Cette école manque presque complètement d'originalité; on voit que la poésie italienne a à peine conscience de son existence propre; elle n'est pas sûre d'elle-même et n'ose guère sortir des sentiers battus et rebattus où l'a précédée la poésie provençale. Mais elle ne tarde pas à s'affranchir. Avec Guido Guinicelli et Guido Cavalcanti elle acquiert une individualité bien tranchée; Dante consacre définitivement l'avènement du dolce stil nuovo et trouve ces paroles admirables pour caractériser son génie :

Io mi son un che, quando

Amor mi spira, noto, ed in quel modo
Ch'ei detta dentro, vo significando (3).

A cette époque la littérature provençale est bien morte en Italie; elle a fait place à une littérature vraiment nationale, appelée à son tour à de brillantes et plus longues destinées. Mais la mort n'est pas l'oubli, et la nouvelle génération poétique ne peut pas oublier les générations qui l'ont précédée et dont elle reste, bon gré mal gré, l'héritière. On continue donc, non plus à imiter servilement, mais à étudier et à relire les troubadours, comme on pourrait le faire pour les auteurs classiques de la littérature latine.

Dante nous fournit le plus illustre exemple que nous puissions invoquer pour caractériser la nouvelle phase par laquelle passe la littérature provençale.

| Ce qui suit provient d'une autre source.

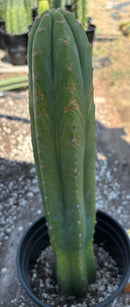 #EC220 EXACT Trichocereus Pachanoi Waytamayu OP Chavin Cactus 15”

Nul plus que lui n'aime la langue italienne, ce volgare illustre, auquel il doit imprimer un sceau ineffaçable, le

(1) De vulgari eloq., I, 12.

(2) Voyez, sur cette école, le travail de M. Adolf Gaspary: Die sicilianische Dichterschule des XIII Jahrhund., Berlin, 1878, petit in-8° de 232 pages. On y trouvera, démontré par de nombreux exemples, le caractère de cette première littérature italienne, déjà bien vu et bien indiqué par Diez et Fauriel.

(3) Purg., XXIV, 52-54; c'est à Urbiciani, un des représentants de la vieille école, que Dante adresse ces paroles.